The column was falling, not into the circle, but away from it: toward the monster. Some spark, some impulse, shot up form the bow-weapon in his hands, slid like a poison up to his foggy brain. Somehow, Ashiakin knew how he was going to kill this creature.

He sprinted forward with confidence and leapt onto the falling column, his feet carefully straddling the precarious structure as it crashed toward the monster. The end of the column slid past the vague junction of the creature’s shoulder and neck, a metallic cry so terrible splitting the air that it burned Ashiakin’s ears. He managed to hold his footing as the column slid past the monster toward the ground, his weapon in his hands.

It was as the end of the column passed away from the monster’s body that he leapt off of it and struck out with his curious weapon, the glittering string of his bow-weapon slicing into the golden flesh of the light-monster, splitting it like a melting log as he fell to the ground. The creature’s roars transgressed into wails and shrieks, sounds of pain. It was as if all the light in the world was dying with such suddenness it deserved a memorable lament.

But the bow-weapon melted with the creature and it melted into music.

Ashiakin
02-21-08, 06:19 PM
The monster’s dying wails could not overtake those beautiful sounds. As soon as the bow had touched the thing’s golden flesh, it had spilled out like an orchestra: the wood was alight with music, burning with it. Ashiakin was not sure he’d ever heard anything so beautiful. It made the lament of the monster unworthy even as an afterthought.

Ashiakin’s feet connected with the ground with a softness that surprised him. He gazed up at the dying monster. It was fading. Its arms were outstretched and its head was thrown back, thin and fluid rays of gold streaming forth from its body to the furthest reaches of the forest and the blackened sky. Little by little it vanished, returning itself to the Warded Wood. It was not long before the creature dispersed into nothing, then sheets of light arose from the ground like ghosts rising to the heavens. They drifted into the empty sky that had hung over the forest for so long.

The rays traveled and impossible distance, bending time, moving slowly yet moving far. They coalesced at one central, arbitrary point on the black canvass that they had explored like exploratory strokes of a painter’s brush. They collected into a burning, yellowed sphere that hung there with all the authority of a thousand year dynasty. Blue spread out from the edges of the fiery ball, eating away at the black like worms, like wind blowing away smoke and mist. It was not long before all of the sky was the deepest blue.

Light fell down to the earth like rain and it was daylight again.

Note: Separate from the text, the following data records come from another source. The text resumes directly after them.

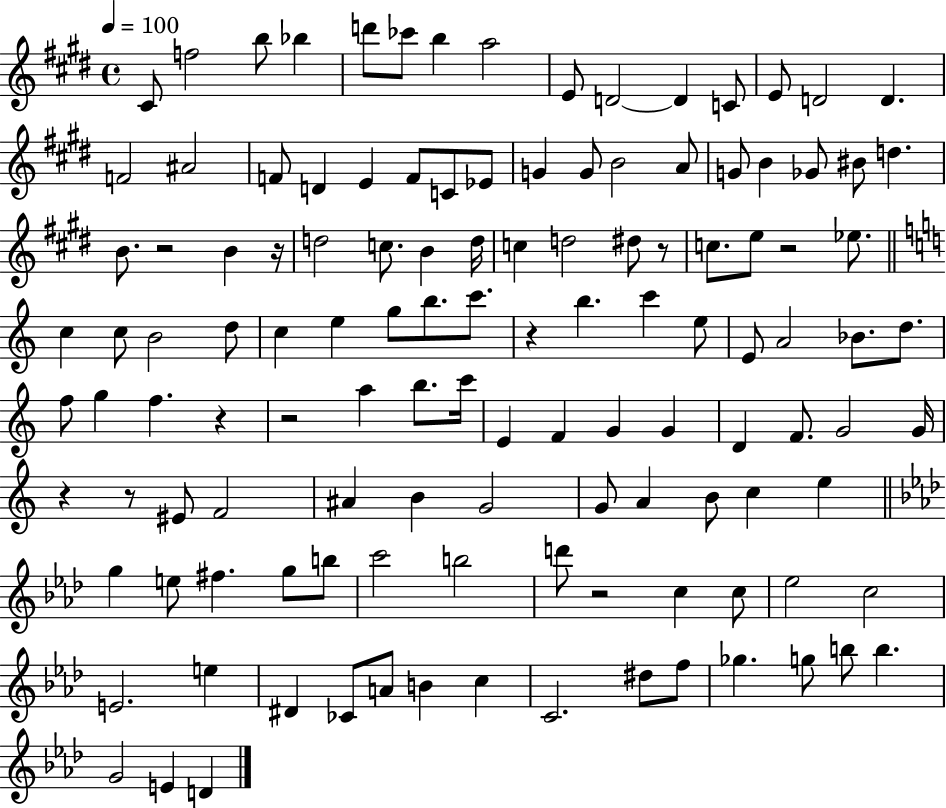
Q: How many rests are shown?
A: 10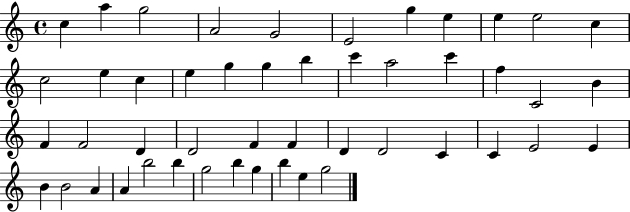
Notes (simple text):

C5/q A5/q G5/h A4/h G4/h E4/h G5/q E5/q E5/q E5/h C5/q C5/h E5/q C5/q E5/q G5/q G5/q B5/q C6/q A5/h C6/q F5/q C4/h B4/q F4/q F4/h D4/q D4/h F4/q F4/q D4/q D4/h C4/q C4/q E4/h E4/q B4/q B4/h A4/q A4/q B5/h B5/q G5/h B5/q G5/q B5/q E5/q G5/h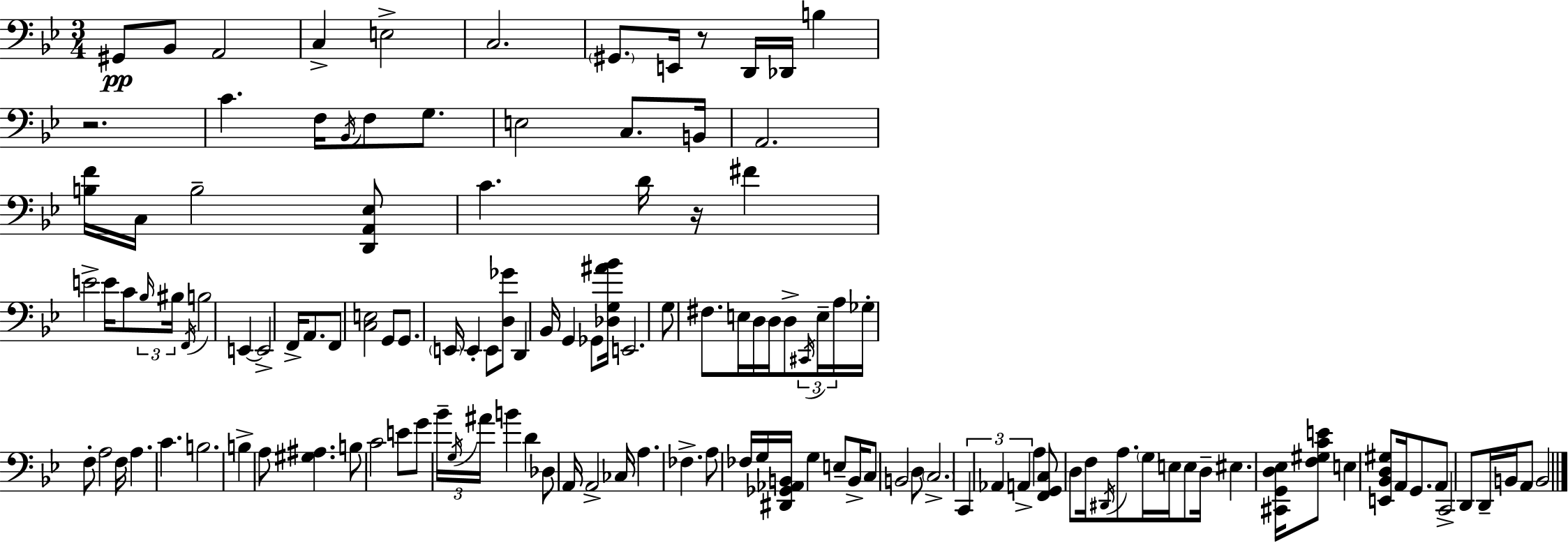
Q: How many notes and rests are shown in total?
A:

As the light ate away at the shadows in the clearing around the temple, a raised platform at the edge of the wood that Ashiakin had not noticed before was presented. Six elves, dressed in a bizarre mixture of Raiaeran fashions across thousands of years, were all standing on the platform side by side. They seemed impossibly ancient and Ashiakin knew that they were wise. They were clapping in unison, the sound like that of an army marching, each volley of noise causing the shadows that clung to the trees around them to fall away like a horde of lizards sloughing off their skins.

“Well done!” cried one of the clapping figures, striding forth beyond the others. “I have not heard such fine music since Ereber Ondolindë and Atanamir Eluriand fell at the Battle of Niadath. These woods grow lonely, you see, without foreign musicians.”

The man smiled. “Circumstances require the School of Enarlin to keep to itself.”